The Kimberley is an amazing place and local knowledge gets you away from the tourist scene and living here allows that to occur. Not for a second was I ungrateful for the experience again. I couldn't have got there without my fellow countryman and he knows we helped each other that weekend, much appreciated on all fronts.


----------



## anselmo (Aug 26, 2008)

Nice

Many crocs?


----------



## YellowDagger (Mar 21, 2010)

Few freshies that's it. But they keep to themselves.


----------



## anselmo (Aug 26, 2008)

Cool

Like that second pic - fish looks really vibrant


----------



## scater (Nov 24, 2007)

Great report mate, keep them coming! Geez I miss barra.


----------



## Junglefisher (Jun 2, 2008)

Great adveture, take more pics next time!


----------



## YellowDagger (Mar 21, 2010)

Have a few more pics to add and will do. As for the trip well it's not the sort you do every week but when the rain stops we will be back out there again and fair to say the fishing will be better as the deep holes will be more exposed and easier to target some of the barra.

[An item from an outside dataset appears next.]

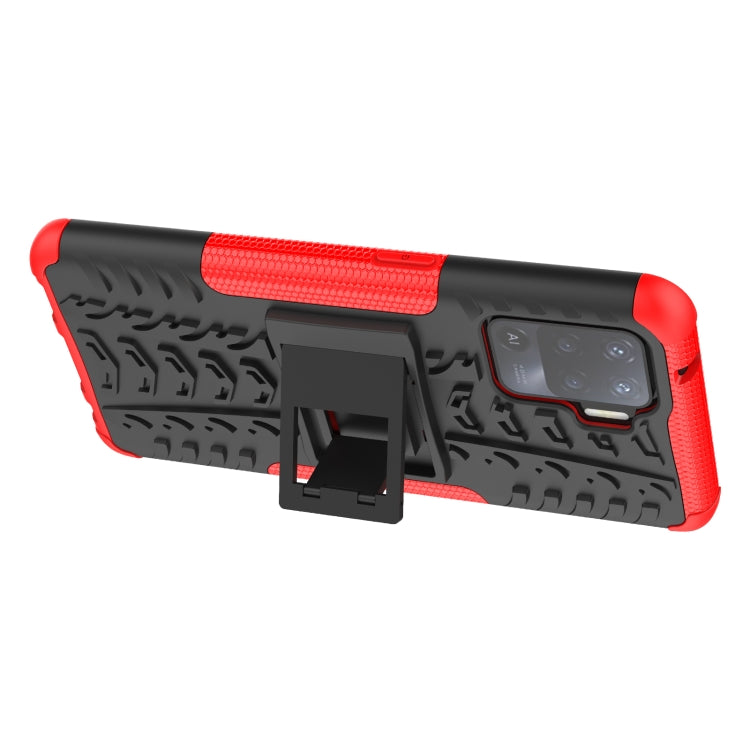 For OPPO A94 4G Tire Texture Shockproof TPU+PC Protective Case with Holder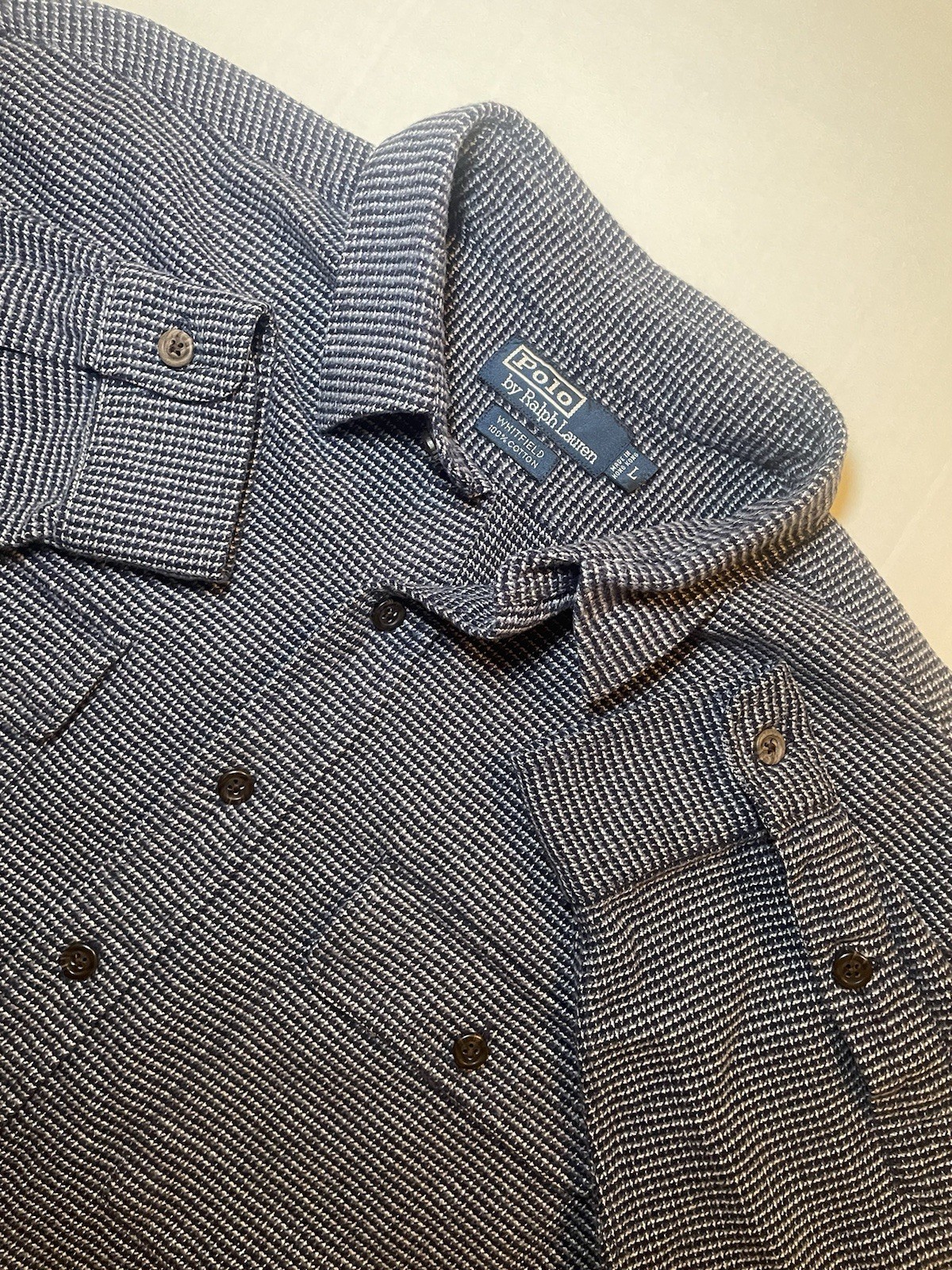 Vintage Polo Ralph Lauren Whitfield Pin Check Flannel Shirt Large Double Pockets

Might try some lives next time as I reckon the bigger fish may hit them. We had a few snap offs and very hard runs that were bigger fish so they're definitely there.


----------



## YellowDagger (Mar 21, 2010)




----------



## YellowDagger (Mar 21, 2010)




----------



## BIGKEV (Aug 18, 2007)

Very nice, definitely a part of the country I'd like to spend some more time. I did a job in Derby a few years ago and managed a day fishing as we finished early. It certainly was a memorable experience heading out with a local who spent a bit of time chasing down a Goanna for lunch also. Where we fished held some big handbags so yaks weren't an option.

Kev


----------



## maddog (Jan 14, 2008)

i want to hear about the 4x4 mission in and out. sounds like fun


----------



## Guest (Mar 13, 2014)

Mate loving the pic's and the landscape , beautiful fish

Cheers


----------



## kayakone (Dec 7, 2010)

Great story and pics YellowDagger. You are so lucky to have an indigenous friend to show you round....they really know the land. Enjoy chomping on those barra!



maddog said:


> i want to hear about the 4x4 mission in and out. sounds like fun


Ditto. Sounds like a serious 4 X 4 mission, especially cause of the remoteness.


----------



## Whatever (Aug 4, 2012)

Your mate who couldn't land one sounds like a real loser!

:lol:


----------



## kayakone (Dec 7, 2010)

ALERT! Someone has stolen Tristan's avatar (Capt Coochin)! :shock:


----------



## shooneze (Dec 27, 2008)

ha ha thats gold Whatever! Great pics. Now make sure Skip doesnt out do you 2 at easter!! I eagerly check my tattslotto tickets weekly to join you guys!


----------



## YellowDagger (Mar 21, 2010)

Had to hijack my story with his from earlier in the year! Just so he didn't feel so depressed about the outing. No mention of how he drove off on us after the last gate was closed. Expecting big things Shooneze now that you have bought the Poseidon!!!!


----------